At the root of those perverse incentives is bad public policy.
Pre-ObamaCare Distortions That Affected Important Choices
Insurance or Uninsurance? Because we were spending far more on free care for the uninsured than we were spending on subsidies for individually-purchased insurance, millions of people had an incentive to be uninsured.
Public or Private? Because we spent far more on such public programs as Medicaid and CHIP than we spent on subsidies for individually-purchased insurance, millions of people had an incentive to choose public insurance rather than private insurance.
Individual or Group? Because employer-provided insurance was generously subsidized through the tax law while individually-purchased insurance received almost no tax relief, the vast majority of people with private insurance had non-portable, employer-provided coverage.
Third-Party or Self Insurance? Because employer-provided insurance was liberally subsidized through the tax law while people’s ability to get similar subsidies for Health Savings Accounts (HSAs) was greatly restricted, people had too much of the former and too little of the latter. This in turn led to third-party payer domination of the entire medical marketplace and the elimination of real market-determined prices.

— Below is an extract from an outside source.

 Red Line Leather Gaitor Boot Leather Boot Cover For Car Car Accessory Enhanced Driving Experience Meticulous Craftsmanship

Choices in the Market for Risk Avoidance. Because normal market forces had been so completely repressed, outside the individual market real health insurance simply didn’t exist.
The proposal I suggest would achieve four remarkable things: It would be more progressive than Obamacare, because it would involve more distribution from higher- to lower-income households. It would provide genuine protection for people who have a preexisting condition, as opposed to the bait-and-switch promises of Obamacare. It would provide genuine access to care for everyone, as opposed to leaving 30 million uninsured, as Obamacare does. And it would work in practice, primarily because it would confine the role of government to setting a few simple rules of the game, leaving individual choice and the marketplace to do the heavy lifting.

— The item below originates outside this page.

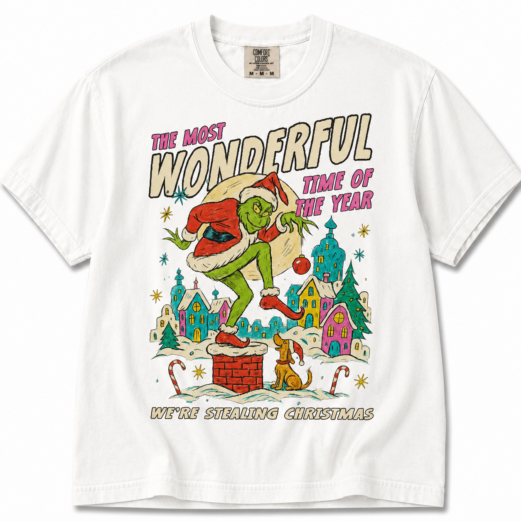 Grinch The Most Wonderful Time Of The Year Christmas Movie Shirt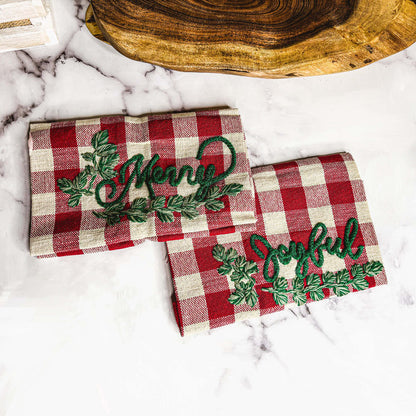Holiday Charcuterie &amp; Tartan Towel Set - My American Goods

I call this reform a “consensus reform” because it draws not just on such right-of-center think tanks as the Heritage Foundation, the Cato Institute, and the American Enterprise Institute but also on such left-of-center think tanks as the Brookings Institution and the Urban Institute, and various scholars including President Obama’s former and current economic advisers, Peter Orszag and Jason Furman. It takes the best ideas these folks have offered and combines them with an important principle: No plan designed by those at the top can ever work unless people at the bottom have an economic incentive to make it work.

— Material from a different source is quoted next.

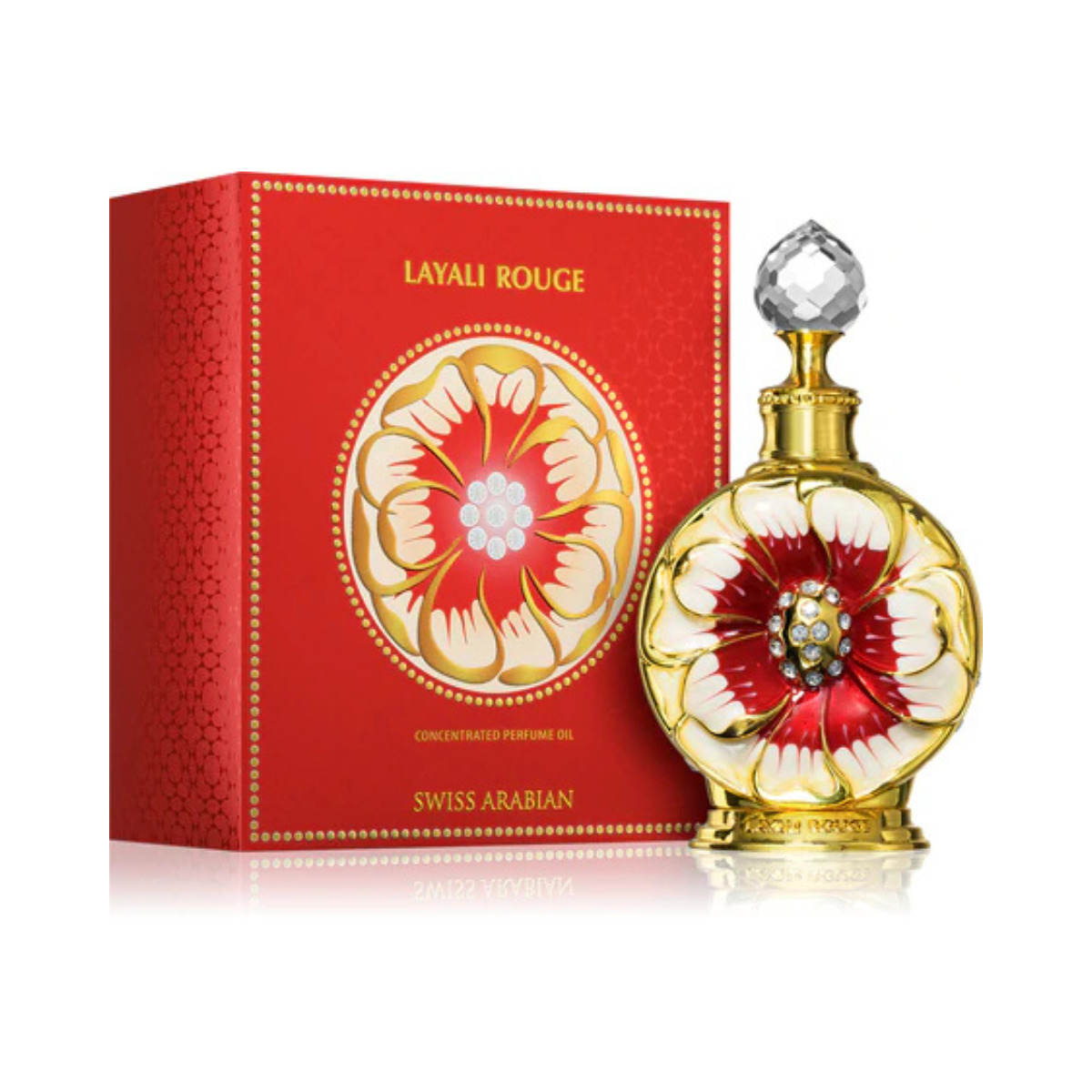 LAYALI ROUGE Aceite Perfumado Swiss Arabian | EDP Amaderado Oriental | 100ml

Myth: Before Obamacare, there were routine plan cancelations in the individual market.
Many Obamacare defenders blame the discontinued policies on “bad apple insurers,” claiming that it was typical in this market to have plan cancellations and that they are not a result of Obamacare.
For instance, former Obama Administration official Van Jones called the individual marketplace a “‘wild, wild west’ where people were denied coverage for pre-existing conditions and policyholders were continually dropped by insurers offering thin, sketchy coverage.” In addition, President Obama said, “Before the Affordable Care Act, the worst of these plans routinely dropped thousands of Americans every single year.”
But since the enactment of the Health Insurance Portability and Accountability Act of 1996 (HIPAA), insurers have been broadly prohibited from canceling or refusing to renew coverage. One of the few exceptions to that prohibition is if an insurer discontinues a particular plan or type of coverage. In such cases, the insurer must provide the affected individuals the option to enroll in any other applicable coverage that the insurer offers.
That is largely what happened with the 4.7 million plan cancelations that were reported at the end of 2013. The insurers were discontinuing their pre-Obamacare plans and offering policyholders replacement coverage that complied with Obamacare’s wide variety of new mandates and regulations.